WORK INSTRUCTIONS: When you reach the line containing "Hyundai i30 2", stop after it; until then, copy each line of the listing exactly, starting with the first.

DATASET RECORDS:
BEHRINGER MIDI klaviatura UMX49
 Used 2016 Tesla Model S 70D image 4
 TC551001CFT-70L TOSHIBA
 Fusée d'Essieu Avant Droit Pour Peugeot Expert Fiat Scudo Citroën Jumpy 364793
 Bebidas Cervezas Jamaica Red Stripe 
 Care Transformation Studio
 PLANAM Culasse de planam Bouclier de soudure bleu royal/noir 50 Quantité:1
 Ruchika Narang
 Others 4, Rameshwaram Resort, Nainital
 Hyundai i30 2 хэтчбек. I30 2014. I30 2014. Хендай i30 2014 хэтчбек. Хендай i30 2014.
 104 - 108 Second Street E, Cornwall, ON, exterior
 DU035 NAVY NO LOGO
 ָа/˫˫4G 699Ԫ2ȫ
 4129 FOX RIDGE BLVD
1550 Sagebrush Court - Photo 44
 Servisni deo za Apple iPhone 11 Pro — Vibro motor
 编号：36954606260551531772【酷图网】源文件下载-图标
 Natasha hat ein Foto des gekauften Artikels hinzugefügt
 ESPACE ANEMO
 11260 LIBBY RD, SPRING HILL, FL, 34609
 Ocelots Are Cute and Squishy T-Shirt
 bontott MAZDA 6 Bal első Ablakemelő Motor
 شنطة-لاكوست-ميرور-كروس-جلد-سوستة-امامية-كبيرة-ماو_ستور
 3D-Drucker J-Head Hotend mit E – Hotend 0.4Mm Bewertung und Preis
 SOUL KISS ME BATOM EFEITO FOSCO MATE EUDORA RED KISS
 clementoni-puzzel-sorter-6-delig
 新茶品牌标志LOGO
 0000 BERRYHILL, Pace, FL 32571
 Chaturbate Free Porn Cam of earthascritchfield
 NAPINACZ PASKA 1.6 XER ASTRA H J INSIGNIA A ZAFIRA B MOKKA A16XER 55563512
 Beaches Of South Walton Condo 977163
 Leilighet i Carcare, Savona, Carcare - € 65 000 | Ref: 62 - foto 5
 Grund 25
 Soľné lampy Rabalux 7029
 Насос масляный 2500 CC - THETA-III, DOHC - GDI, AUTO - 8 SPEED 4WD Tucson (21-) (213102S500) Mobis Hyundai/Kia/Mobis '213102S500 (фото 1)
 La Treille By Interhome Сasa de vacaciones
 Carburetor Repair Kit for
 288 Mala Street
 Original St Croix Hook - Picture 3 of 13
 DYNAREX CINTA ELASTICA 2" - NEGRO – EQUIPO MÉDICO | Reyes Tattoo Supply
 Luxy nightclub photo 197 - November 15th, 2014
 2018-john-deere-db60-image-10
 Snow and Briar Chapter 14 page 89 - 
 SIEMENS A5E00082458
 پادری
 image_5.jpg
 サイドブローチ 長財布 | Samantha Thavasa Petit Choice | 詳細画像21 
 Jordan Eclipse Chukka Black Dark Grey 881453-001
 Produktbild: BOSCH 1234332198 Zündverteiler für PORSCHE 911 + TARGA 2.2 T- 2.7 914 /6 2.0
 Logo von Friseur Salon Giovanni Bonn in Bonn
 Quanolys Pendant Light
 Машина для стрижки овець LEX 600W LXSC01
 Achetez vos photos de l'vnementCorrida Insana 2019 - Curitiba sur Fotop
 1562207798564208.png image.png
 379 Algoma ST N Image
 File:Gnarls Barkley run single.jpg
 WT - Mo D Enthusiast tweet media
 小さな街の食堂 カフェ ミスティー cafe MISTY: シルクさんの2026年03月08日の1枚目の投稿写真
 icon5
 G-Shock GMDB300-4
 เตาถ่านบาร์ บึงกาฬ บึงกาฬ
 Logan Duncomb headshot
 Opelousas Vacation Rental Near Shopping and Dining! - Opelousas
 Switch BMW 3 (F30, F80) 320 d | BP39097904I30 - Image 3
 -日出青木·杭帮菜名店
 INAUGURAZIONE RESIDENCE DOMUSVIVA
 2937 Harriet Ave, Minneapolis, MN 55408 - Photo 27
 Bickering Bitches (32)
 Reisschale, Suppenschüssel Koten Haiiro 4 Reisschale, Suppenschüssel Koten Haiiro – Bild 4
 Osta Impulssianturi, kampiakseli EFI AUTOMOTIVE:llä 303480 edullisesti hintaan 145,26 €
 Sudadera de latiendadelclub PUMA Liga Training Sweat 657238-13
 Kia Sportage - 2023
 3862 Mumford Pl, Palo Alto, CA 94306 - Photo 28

ANSWER TO THIS PROBLEM:
BEHRINGER MIDI klaviatura UMX49
 Used 2016 Tesla Model S 70D image 4
 TC551001CFT-70L TOSHIBA
 Fusée d'Essieu Avant Droit Pour Peugeot Expert Fiat Scudo Citroën Jumpy 364793
 Bebidas Cervezas Jamaica Red Stripe 
 Care Transformation Studio
 PLANAM Culasse de planam Bouclier de soudure bleu royal/noir 50 Quantité:1
 Ruchika Narang
 Others 4, Rameshwaram Resort, Nainital
 Hyundai i30 2 хэтчбек. I30 2014. I30 2014. Хендай i30 2014 хэтчбек. Хендай i30 2014.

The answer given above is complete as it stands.